Records supplied:

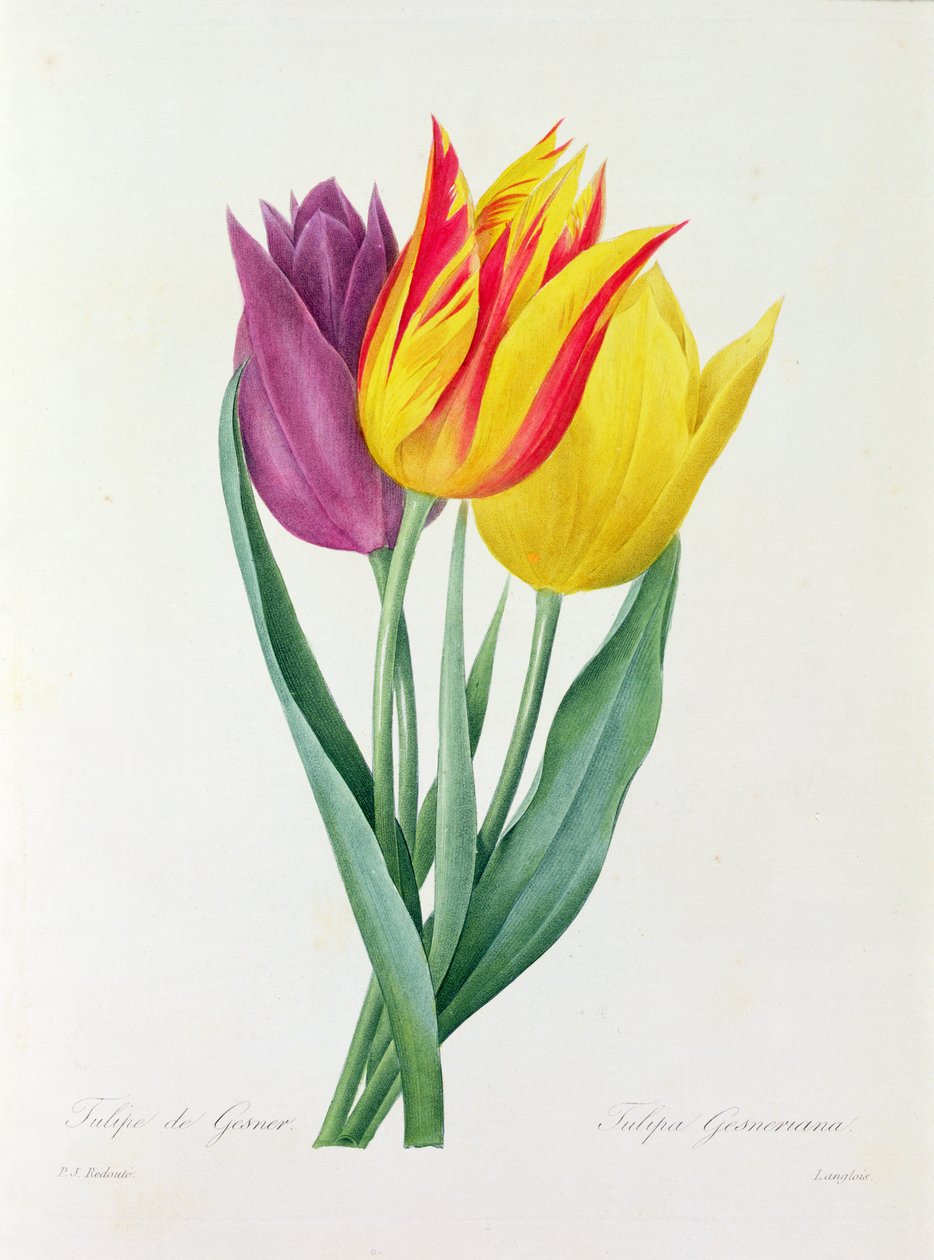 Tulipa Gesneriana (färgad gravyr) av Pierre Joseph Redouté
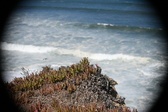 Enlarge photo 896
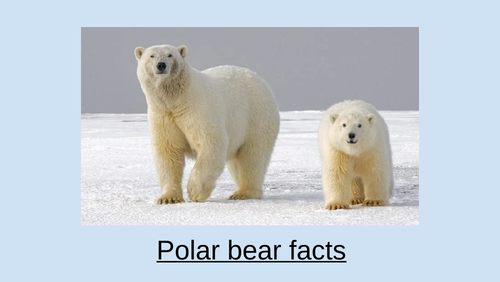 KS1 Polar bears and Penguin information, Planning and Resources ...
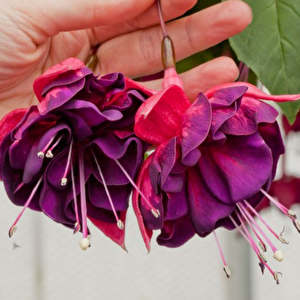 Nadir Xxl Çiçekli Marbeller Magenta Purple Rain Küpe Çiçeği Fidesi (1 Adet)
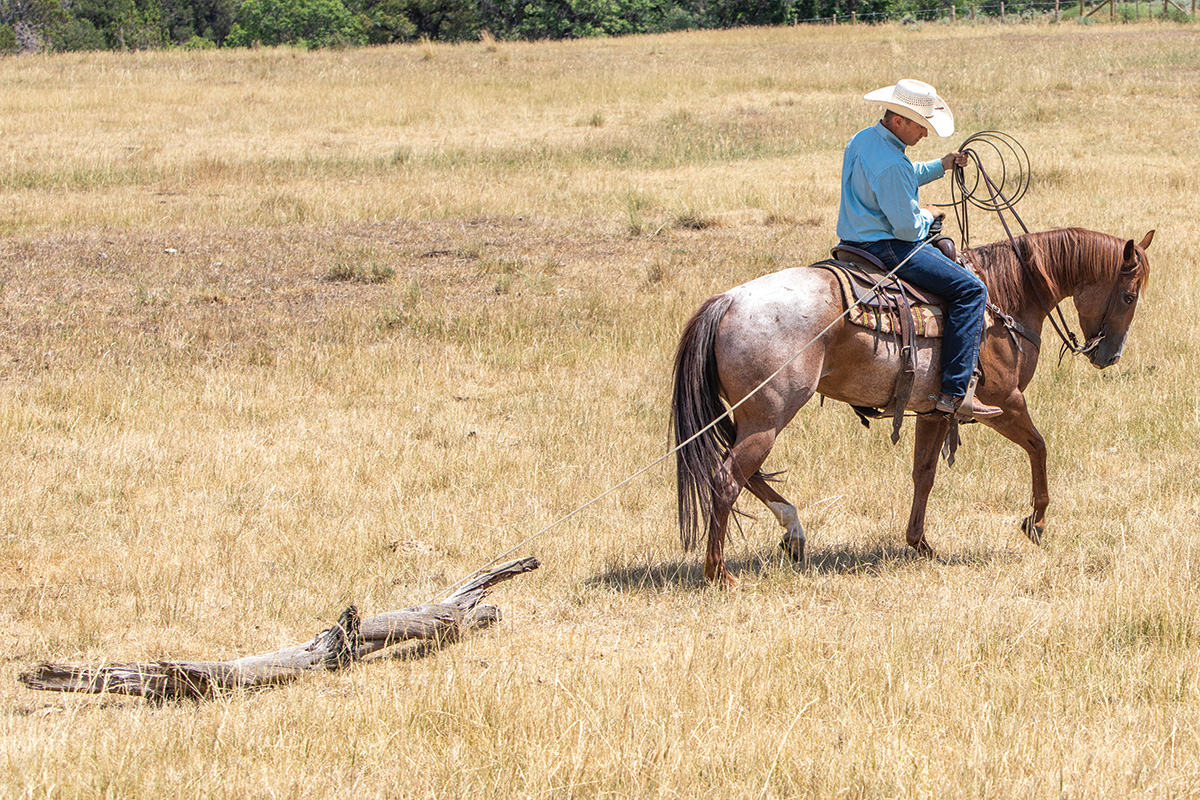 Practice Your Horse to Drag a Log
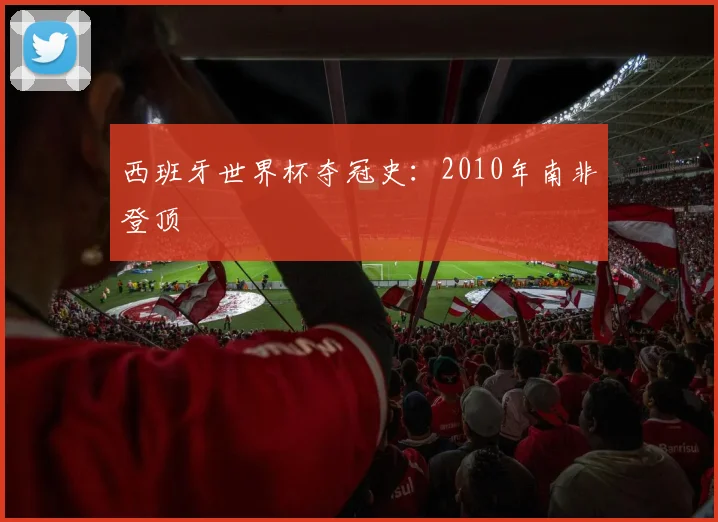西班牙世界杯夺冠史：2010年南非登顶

--

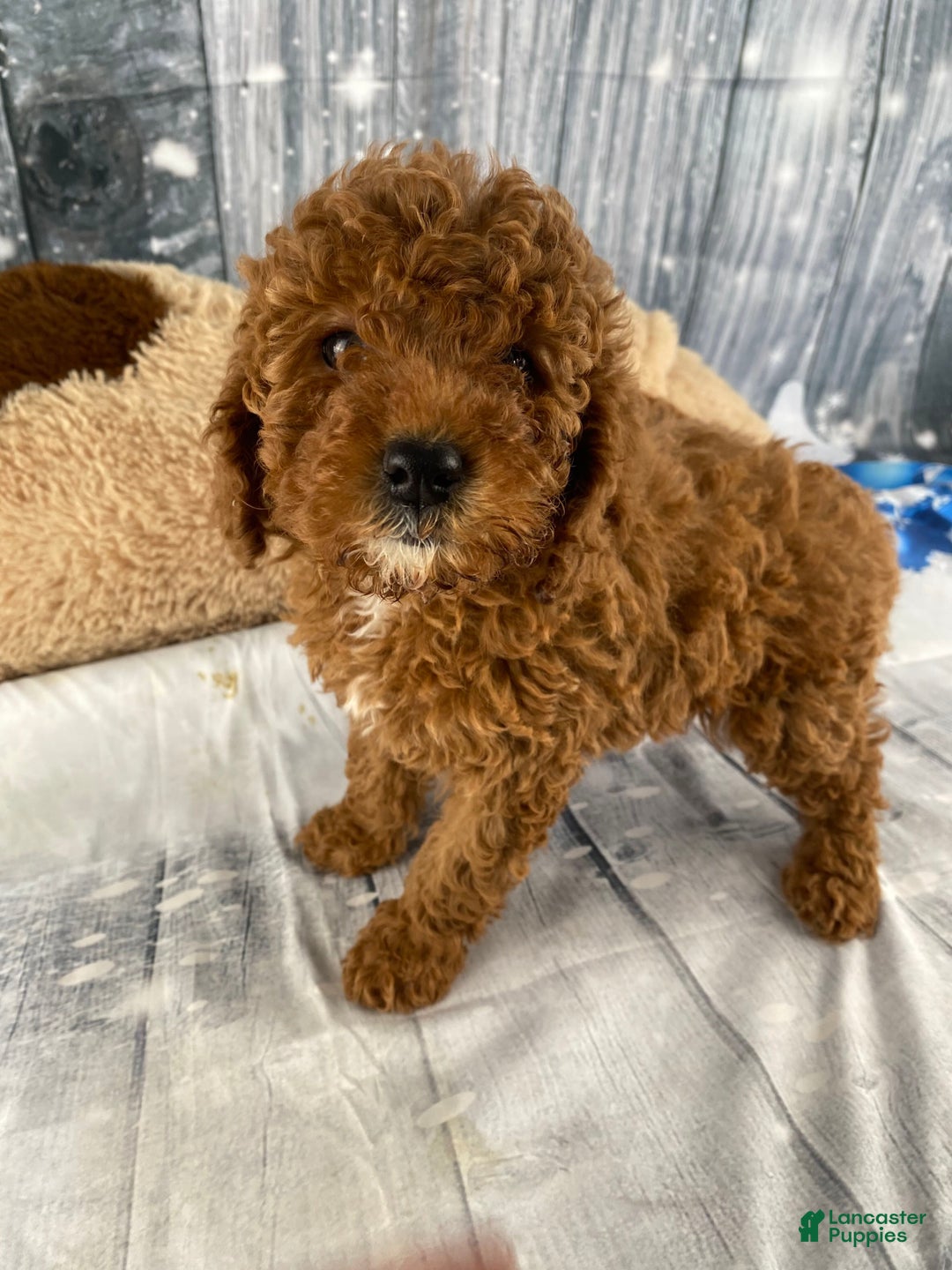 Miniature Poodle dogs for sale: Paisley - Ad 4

* * *

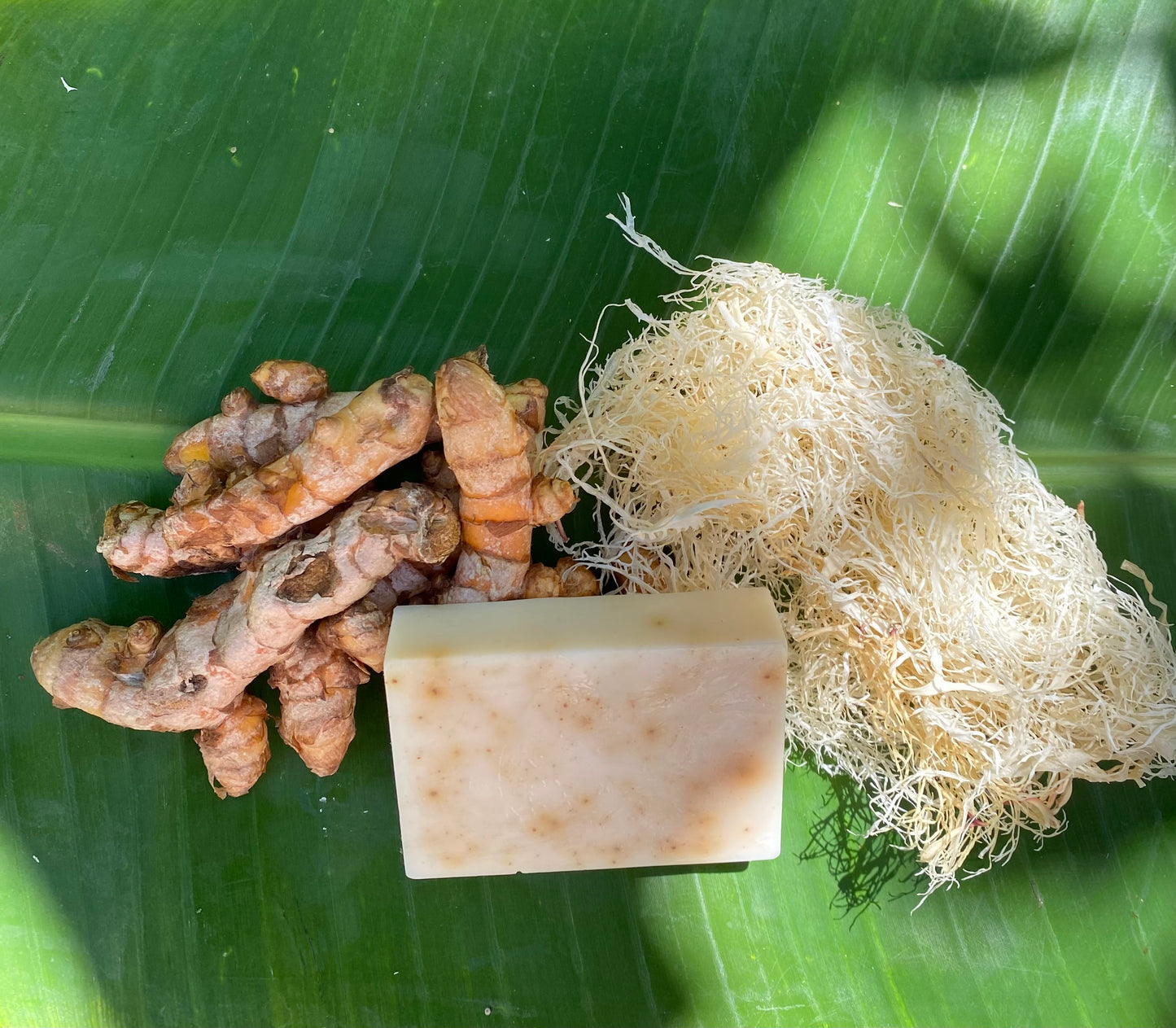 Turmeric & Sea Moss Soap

Work to be completed:
Repeat, without pictures, exactly the lines of the data above from the one containing "Enlarge photo 896" through the one containing "西班牙世界杯夺冠史：2010年南非登顶", including both and adding nothing.

Your response:
 Enlarge photo 896
 KS1 Polar bears and Penguin information, Planning and Resources ...
 Nadir Xxl Çiçekli Marbeller Magenta Purple Rain Küpe Çiçeği Fidesi (1 Adet)
 Practice Your Horse to Drag a Log
西班牙世界杯夺冠史：2010年南非登顶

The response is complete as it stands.